How Does A Salary Advance Work?
The advance is a loan which is provided to employees. It is taken out of wages that you intend to pay them in the future. It differs from the typical loans that are given between friends or family members. Whereas a friend or loved one may back you back at some future time once they get the money, there is no specific time in which this is expected.
An advance from an employer, on the other hand, is much more formal. There will be repayment terms which you’ll be expected to meet, with consequences if you do not. The repayments will usually be taken out of your future earnings, and you can use an entire paycheck to pay it off or spread the payments across multiple checks to keep some funds in your pocket. No employer is required by law to give such advances to their employees, but there are a number of best practices that should be followed.
Best Practices For Payroll Advances
Favoritism should be avoided when it comes to issuing these advances. In other words, if you’re willing to give it to one employee then you should also be willing to grant it to all of them. Generally, it is best to maintain a policy which is established so that everyone can be held to the exact same standards. For example, employees should work for you for a minimum time period before you’re open to granting them a loan, such as 12 months.
You should also set limits on how much an employee can request. It obviously doesn’t make much sense to issue an employee an advance which is substantially higher than their monthly or quarterly earnings, because then they can quit and you will never get the money back.
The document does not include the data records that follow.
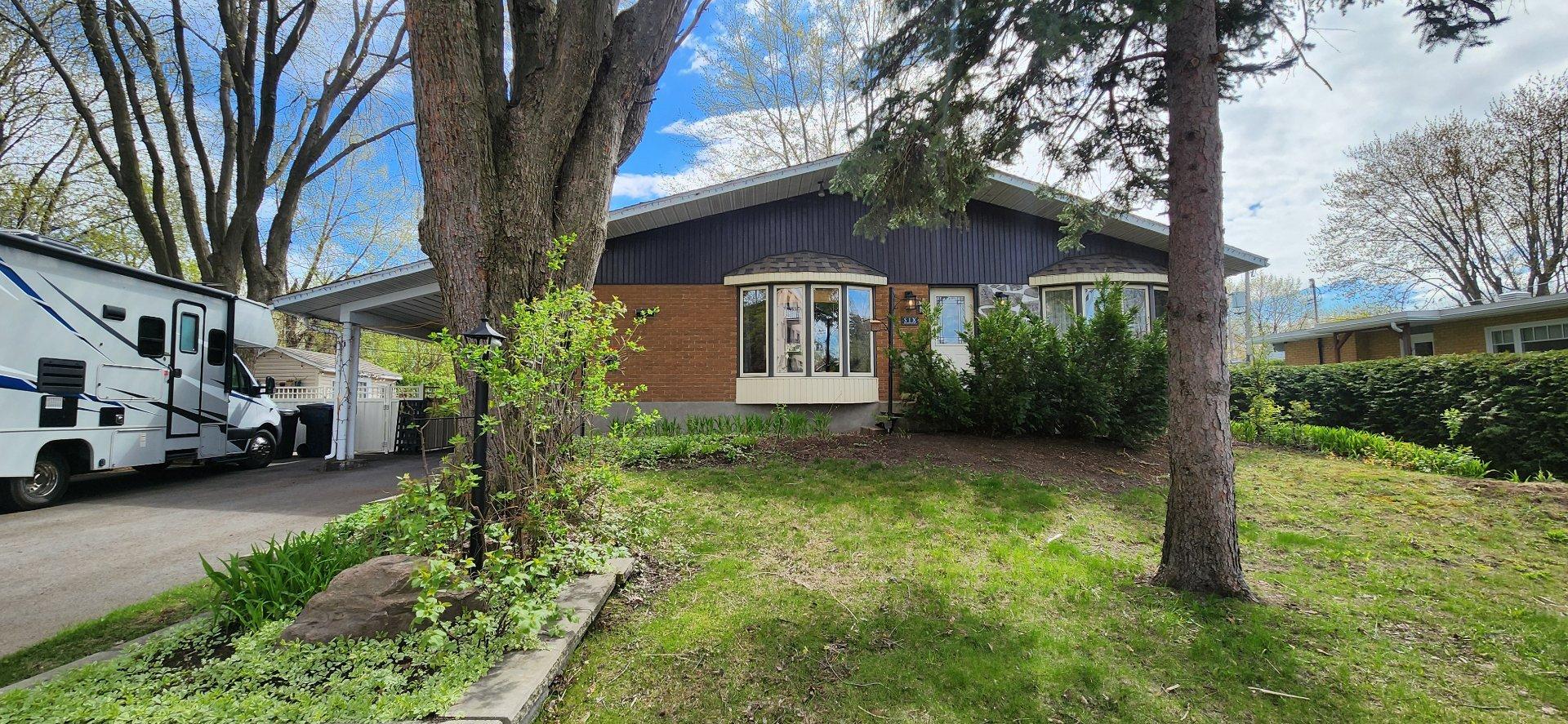 









6


Rue Bonaventure

,
Repentigny (Repentigny),




QC
J6A3N4

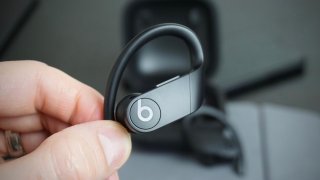PowerBeats Pro Review: True Wireless Earbuds With Excellent Sound Quality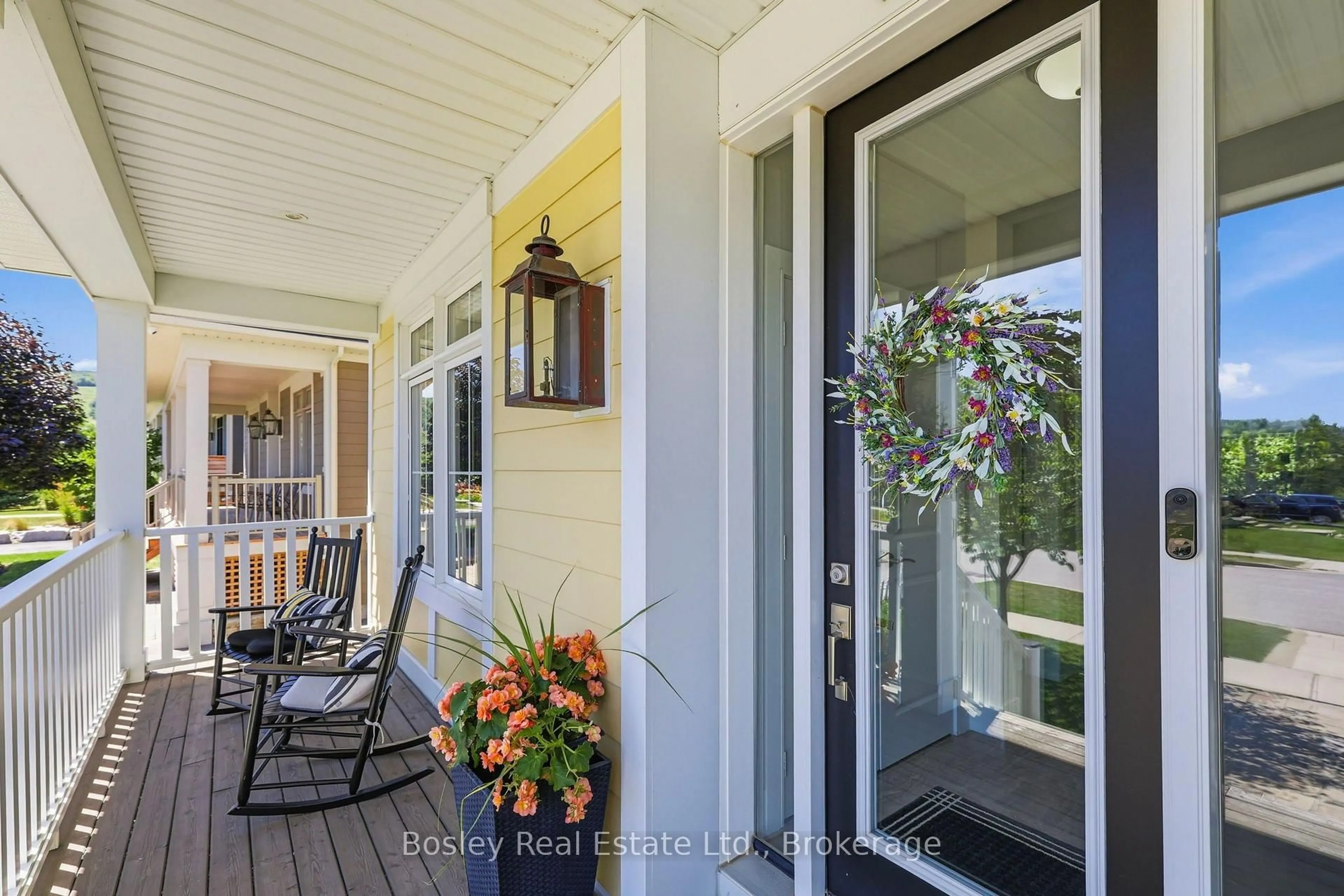 Indoor entryway for 104 Snow Apple Cres, Blue Mountains Ontario L9Y 0R4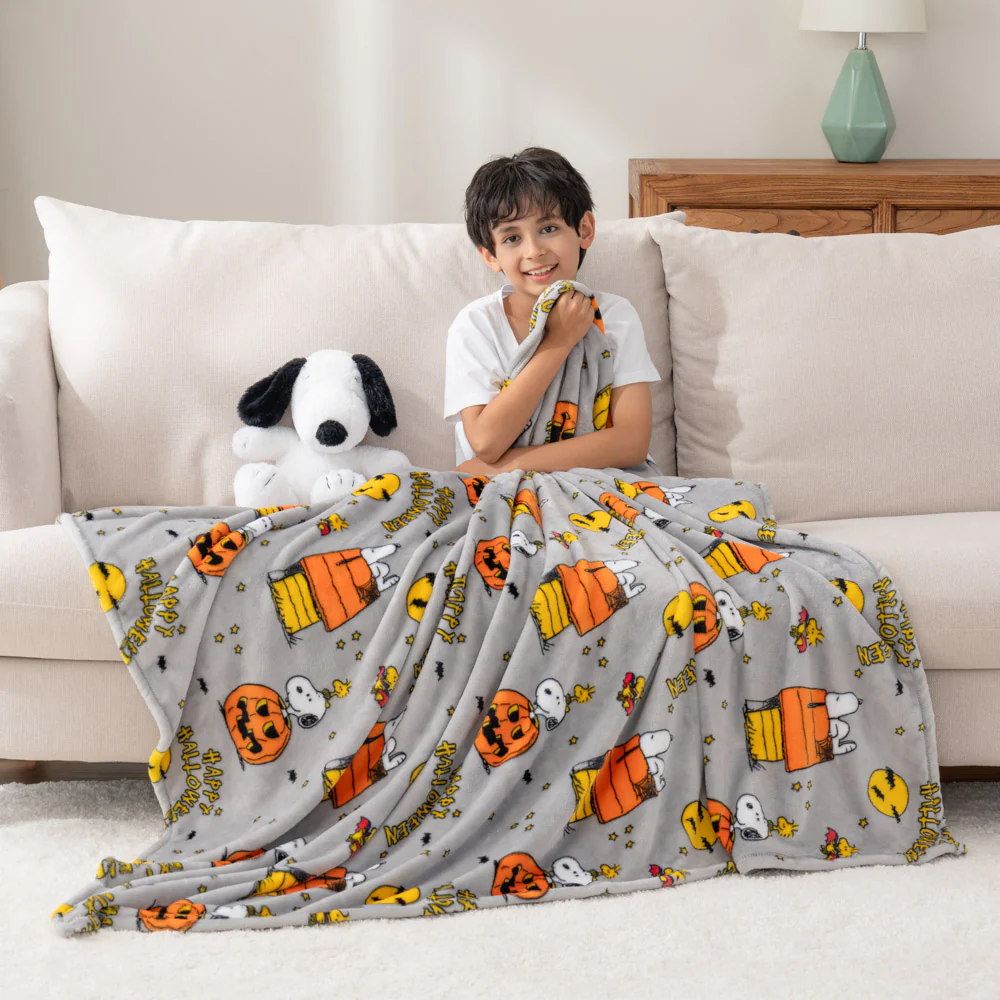 Peanuts® VelvetLoft® Throw - Image 27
Limits should also be placed on the number of times that an employee may request an advance within a single year.
Also, another critical factor to keep in mind is that when you issue an employee an advance, the deductions that you take out of their check must not result in them earning less than the federal or local minimum wage, otherwise you would be in violation of the law. You should also consider charging interest on the advance for the simple courtesy of providing the service along with the paperwork that you will be required to process.